## EXERCISE PROMPT:
The line containing "CUDDLE DREAMS Wool" marks the end, so write out exactly every line from the top of the entries below through that one.

## PROVIDED RECORDS:
[Start of section]

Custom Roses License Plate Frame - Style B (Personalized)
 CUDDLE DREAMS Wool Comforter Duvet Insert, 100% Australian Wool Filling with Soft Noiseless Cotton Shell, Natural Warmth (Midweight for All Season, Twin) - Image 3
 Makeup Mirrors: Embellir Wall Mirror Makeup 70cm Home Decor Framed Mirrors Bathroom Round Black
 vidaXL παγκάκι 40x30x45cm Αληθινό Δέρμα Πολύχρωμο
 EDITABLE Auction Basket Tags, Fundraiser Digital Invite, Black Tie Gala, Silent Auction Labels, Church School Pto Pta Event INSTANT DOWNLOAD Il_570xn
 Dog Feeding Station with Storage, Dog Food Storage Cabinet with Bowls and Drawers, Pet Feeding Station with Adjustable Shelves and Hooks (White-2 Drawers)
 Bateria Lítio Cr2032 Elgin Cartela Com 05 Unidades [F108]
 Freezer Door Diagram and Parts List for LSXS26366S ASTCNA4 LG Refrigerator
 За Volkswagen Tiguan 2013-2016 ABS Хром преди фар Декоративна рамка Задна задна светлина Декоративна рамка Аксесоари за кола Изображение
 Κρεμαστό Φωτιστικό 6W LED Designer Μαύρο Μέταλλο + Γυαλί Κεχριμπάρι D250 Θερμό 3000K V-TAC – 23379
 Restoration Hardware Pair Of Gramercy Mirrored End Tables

[End of section]

## OUTPUT OF THE EXERCISE:
Custom Roses License Plate Frame - Style B (Personalized)
 CUDDLE DREAMS Wool Comforter Duvet Insert, 100% Australian Wool Filling with Soft Noiseless Cotton Shell, Natural Warmth (Midweight for All Season, Twin) - Image 3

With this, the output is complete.